For startups, having product-market fit means you're building the right product for the right people. For DevRel, having community-messaging fit means you're using the right words to describe the product for that community.
This post will outline a few examples of how I've found community-messaging fit and some tips to help you iterate with your messaging.
What is Community-Messaging Fit?
Marketing to developers should be clear and relatable.
- Clear—not simple. The product often isn't simple, but the impact can be clear. If your explanation isn't clear yet, iterate and try again.
- Relatable—not obscure. Use language or analogies the community is familiar with. Connect new concepts with existing technologies or mental models.
Your community members have unique backgrounds. They've learned to code from university, bootcamps, or are self-taught. They started with C, or PHP, or Python, or JavaScript. Different descriptions of your product will connect with groups of the community.
Community-messaging fit is when you've found the right description of the product that connects with the majority of your community.

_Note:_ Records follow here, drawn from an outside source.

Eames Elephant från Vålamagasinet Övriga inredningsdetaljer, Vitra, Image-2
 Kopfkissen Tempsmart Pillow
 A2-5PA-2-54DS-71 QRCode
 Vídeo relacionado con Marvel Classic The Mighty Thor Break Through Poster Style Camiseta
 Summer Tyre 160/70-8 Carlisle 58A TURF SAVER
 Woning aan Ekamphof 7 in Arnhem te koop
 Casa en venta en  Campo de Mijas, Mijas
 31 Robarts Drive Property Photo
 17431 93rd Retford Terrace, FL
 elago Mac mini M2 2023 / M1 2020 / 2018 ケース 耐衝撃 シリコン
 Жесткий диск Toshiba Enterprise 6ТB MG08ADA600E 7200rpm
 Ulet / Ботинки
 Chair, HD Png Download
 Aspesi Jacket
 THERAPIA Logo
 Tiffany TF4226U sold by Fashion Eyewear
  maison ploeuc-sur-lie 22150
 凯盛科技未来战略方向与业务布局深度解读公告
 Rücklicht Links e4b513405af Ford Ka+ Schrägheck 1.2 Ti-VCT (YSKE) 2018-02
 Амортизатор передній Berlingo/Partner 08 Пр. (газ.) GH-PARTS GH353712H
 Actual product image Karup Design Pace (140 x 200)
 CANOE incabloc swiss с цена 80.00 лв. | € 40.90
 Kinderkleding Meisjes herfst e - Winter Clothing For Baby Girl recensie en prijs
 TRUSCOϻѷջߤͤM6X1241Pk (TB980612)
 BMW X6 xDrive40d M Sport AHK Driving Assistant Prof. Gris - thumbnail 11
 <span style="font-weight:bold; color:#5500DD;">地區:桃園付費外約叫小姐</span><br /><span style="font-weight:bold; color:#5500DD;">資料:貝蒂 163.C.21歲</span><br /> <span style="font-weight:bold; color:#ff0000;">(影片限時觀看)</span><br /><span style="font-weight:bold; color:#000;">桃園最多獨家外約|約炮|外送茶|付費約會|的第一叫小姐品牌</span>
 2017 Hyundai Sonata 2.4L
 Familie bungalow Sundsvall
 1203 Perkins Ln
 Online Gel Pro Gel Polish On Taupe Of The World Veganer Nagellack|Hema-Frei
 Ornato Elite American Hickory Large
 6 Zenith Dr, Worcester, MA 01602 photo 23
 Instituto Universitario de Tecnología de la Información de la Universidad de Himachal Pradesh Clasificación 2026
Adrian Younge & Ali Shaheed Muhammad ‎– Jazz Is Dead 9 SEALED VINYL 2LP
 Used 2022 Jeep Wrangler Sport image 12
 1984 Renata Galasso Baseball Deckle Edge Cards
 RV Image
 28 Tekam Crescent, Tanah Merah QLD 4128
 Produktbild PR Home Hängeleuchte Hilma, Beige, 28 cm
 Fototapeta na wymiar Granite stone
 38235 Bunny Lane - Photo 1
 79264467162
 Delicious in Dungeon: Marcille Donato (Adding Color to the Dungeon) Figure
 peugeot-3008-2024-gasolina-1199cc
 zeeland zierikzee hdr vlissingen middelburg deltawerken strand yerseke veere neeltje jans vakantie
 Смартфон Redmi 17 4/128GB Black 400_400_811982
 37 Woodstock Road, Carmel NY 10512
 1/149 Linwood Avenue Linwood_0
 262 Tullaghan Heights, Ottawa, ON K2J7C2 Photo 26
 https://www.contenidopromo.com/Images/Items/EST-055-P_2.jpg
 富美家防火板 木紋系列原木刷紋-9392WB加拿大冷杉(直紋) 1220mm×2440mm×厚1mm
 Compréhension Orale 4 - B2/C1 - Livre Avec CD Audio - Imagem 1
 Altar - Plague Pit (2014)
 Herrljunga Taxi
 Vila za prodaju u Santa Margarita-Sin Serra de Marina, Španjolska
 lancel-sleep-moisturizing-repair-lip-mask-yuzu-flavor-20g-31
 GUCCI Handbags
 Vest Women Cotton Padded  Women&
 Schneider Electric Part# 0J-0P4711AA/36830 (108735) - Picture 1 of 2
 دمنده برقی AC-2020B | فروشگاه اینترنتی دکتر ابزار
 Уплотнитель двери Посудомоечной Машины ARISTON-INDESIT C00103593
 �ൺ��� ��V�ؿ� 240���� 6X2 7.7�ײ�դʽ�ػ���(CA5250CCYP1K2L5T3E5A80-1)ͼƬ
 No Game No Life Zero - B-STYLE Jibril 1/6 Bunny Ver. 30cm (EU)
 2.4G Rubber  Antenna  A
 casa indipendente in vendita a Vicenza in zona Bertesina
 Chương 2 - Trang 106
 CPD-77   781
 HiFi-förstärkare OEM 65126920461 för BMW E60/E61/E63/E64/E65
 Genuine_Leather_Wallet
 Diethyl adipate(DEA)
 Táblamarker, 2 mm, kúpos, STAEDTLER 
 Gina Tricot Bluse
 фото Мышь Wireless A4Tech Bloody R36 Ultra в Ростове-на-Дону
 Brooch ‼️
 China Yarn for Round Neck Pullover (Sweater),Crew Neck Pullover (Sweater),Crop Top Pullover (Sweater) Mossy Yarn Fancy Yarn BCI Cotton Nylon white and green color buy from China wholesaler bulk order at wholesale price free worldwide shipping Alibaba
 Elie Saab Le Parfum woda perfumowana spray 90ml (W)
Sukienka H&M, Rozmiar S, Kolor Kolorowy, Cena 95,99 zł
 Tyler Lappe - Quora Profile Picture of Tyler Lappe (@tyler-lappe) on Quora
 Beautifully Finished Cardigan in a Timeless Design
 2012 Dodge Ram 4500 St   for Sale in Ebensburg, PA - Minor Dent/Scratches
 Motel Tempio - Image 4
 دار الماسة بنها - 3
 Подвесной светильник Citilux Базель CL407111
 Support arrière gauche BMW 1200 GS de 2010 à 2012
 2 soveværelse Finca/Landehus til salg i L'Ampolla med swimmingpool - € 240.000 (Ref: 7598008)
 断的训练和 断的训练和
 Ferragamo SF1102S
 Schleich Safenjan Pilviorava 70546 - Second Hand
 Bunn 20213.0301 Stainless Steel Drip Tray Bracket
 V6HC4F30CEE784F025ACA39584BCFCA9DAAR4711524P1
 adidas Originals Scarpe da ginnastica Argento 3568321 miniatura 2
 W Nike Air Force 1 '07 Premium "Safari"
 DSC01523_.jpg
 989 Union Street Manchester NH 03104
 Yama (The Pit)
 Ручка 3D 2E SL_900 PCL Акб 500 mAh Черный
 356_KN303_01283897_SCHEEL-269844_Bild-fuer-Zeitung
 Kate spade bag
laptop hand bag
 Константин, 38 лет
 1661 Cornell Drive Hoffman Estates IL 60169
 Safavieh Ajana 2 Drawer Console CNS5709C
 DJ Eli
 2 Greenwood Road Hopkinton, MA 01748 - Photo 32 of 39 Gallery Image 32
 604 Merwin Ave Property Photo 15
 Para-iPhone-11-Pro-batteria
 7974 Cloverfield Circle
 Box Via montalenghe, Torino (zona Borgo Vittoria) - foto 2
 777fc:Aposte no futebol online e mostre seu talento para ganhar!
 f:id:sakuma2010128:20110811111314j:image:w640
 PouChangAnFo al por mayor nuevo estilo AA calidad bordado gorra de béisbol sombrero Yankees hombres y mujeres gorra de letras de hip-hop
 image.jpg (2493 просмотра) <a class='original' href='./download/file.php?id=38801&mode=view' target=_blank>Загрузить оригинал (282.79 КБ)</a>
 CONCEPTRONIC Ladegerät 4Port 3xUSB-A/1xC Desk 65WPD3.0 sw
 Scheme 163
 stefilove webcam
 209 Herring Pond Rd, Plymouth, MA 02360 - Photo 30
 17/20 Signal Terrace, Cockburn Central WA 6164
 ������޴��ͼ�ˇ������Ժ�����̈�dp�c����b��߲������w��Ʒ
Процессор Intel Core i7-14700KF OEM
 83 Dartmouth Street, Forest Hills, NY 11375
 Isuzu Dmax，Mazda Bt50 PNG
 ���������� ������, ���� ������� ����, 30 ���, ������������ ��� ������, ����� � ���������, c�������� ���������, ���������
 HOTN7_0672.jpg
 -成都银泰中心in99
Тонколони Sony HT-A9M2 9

Finding your fit isn't a one-time process. Your product will evolve and your community will grow. You have to be constantly iterating on the right messaging.
Finding Community-Messaging Fit
Two good indicators for community-messaging fit are virality and sharability.
Developers want to share good content. When they've learned something new, or found a new way to explain a topic they're interested in, they will voluntarily amplify to their audience. When they have a “lightbulb moment”, they want to share this excitement.
When the topic is explained clearly, and it relates back to things the developer understands, it makes it easily sharable. This is how virality happens.
Examples
Next.js Middleware
Since many Next.js developers have prior experience with Node.js and Express, I found that relating Next.js Middleware to Express Middleware helped it connect better with the community.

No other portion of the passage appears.